To be located astride the main coast highway between down town Abu Dhabi and the Abu Dhabi International Airport, the $1.91bn development will feature two residential centres, the Canal Park Neighbourhood and the Recreational Park Neighbourhood. The former will have 42 towers built along an existing waterway, while the latter in the southern zone of the development, will have 46 towers set amidst landscaped surroundings. All of the residential and commercial elements of the development will be linked by pedestrian walkways and surrounded by gardens and parks.



The municipality had commissioned KEO International Consultants to draft a master plan for the Emerald Gateway project. Reconciling with the environment is the main target on which the project idea is built. Now approved by Sheikh Mohammed bin Zayed Al Nahyan, deputy supreme commander of the United Arab Emirates armed forces and crown prince of Abu Dhabi, the plan calls for the project to both enhance its surroundings and to meet community and national aspirations.



Donna Sultan, the chief executive officer of KEO, said the Emerald Gateway development was laden with potential.



"Rather than seeing the site as filled with constraints, we saw instead a fantastic opportunity of tying the master planning of the site with its geographic importance between the airport and the city of Abu Dhabi and coming up with a world-class setting for these 88 towers, that spoke to higher national and community goals," Sultan said.



The public element of the project includes the municipality providing $242.4m for all infrastructure services and the extensive landscaping, while the various private investors will be bound by strict design and construction guidelines to ensure all the buildings conform with the spirit and the standards set out in the master plan.

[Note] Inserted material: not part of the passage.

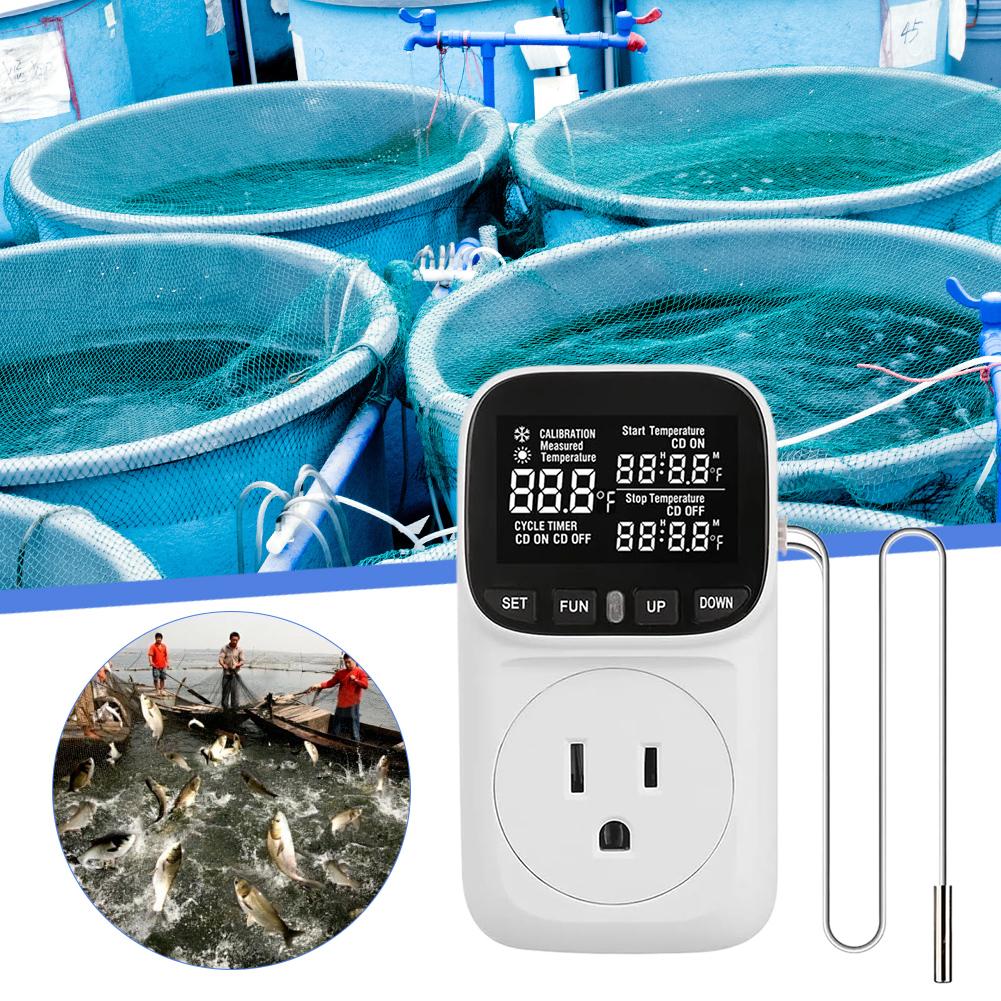 Digital Display Smart Thermostat Fish Tank Touch Screen Regulation Socket Temperature For Pet A C2A2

In May, the Abu Dhabi Municipality and KEO teamed up to launch another major development, the Mohammed bin Zayed City Commercial Towers, a $7bn development that will see the construction of 347 towers set out in five zones, each designed as a self contained mini-city. KEO has been tasked by the municipality as the programme manager for the project, with shopping arcades, parks, restaurants and lakes to complement the residential centres, which will provide housing for 50,000 people.



As with the Emerald Gateway development, environmental and lifestyle considerations are to be given priority. Work on the project is expected to be completed within five years, serving to boost housing stocks in the emirate.



Both schemes demonstrate Abu Dhabi's growing commitment to controlled development, with stricter building guidelines and also to closer co-operation with the private sector.



Both are in line with a document released by Abu Dhabi's Executive Council on August 1, entitled Policy Agenda 2007-08, which set out the future role of government and state policy. In its policy paper, the government said it would outsource administrative tasks such as data collection, programme assessment, recruitment and training activities, to the private sector.



In addition, it called for a radical overhaul of urban planning, and indicated that regulations would be enacted and that co-ordination between government agencies and the private sector would be boosted and stronger measures to protect the environment put in place.



While many of these new regulations have still to be promulgated, the Emerald Gateway project appears to have incorporated the government's commitment to environmental tourism.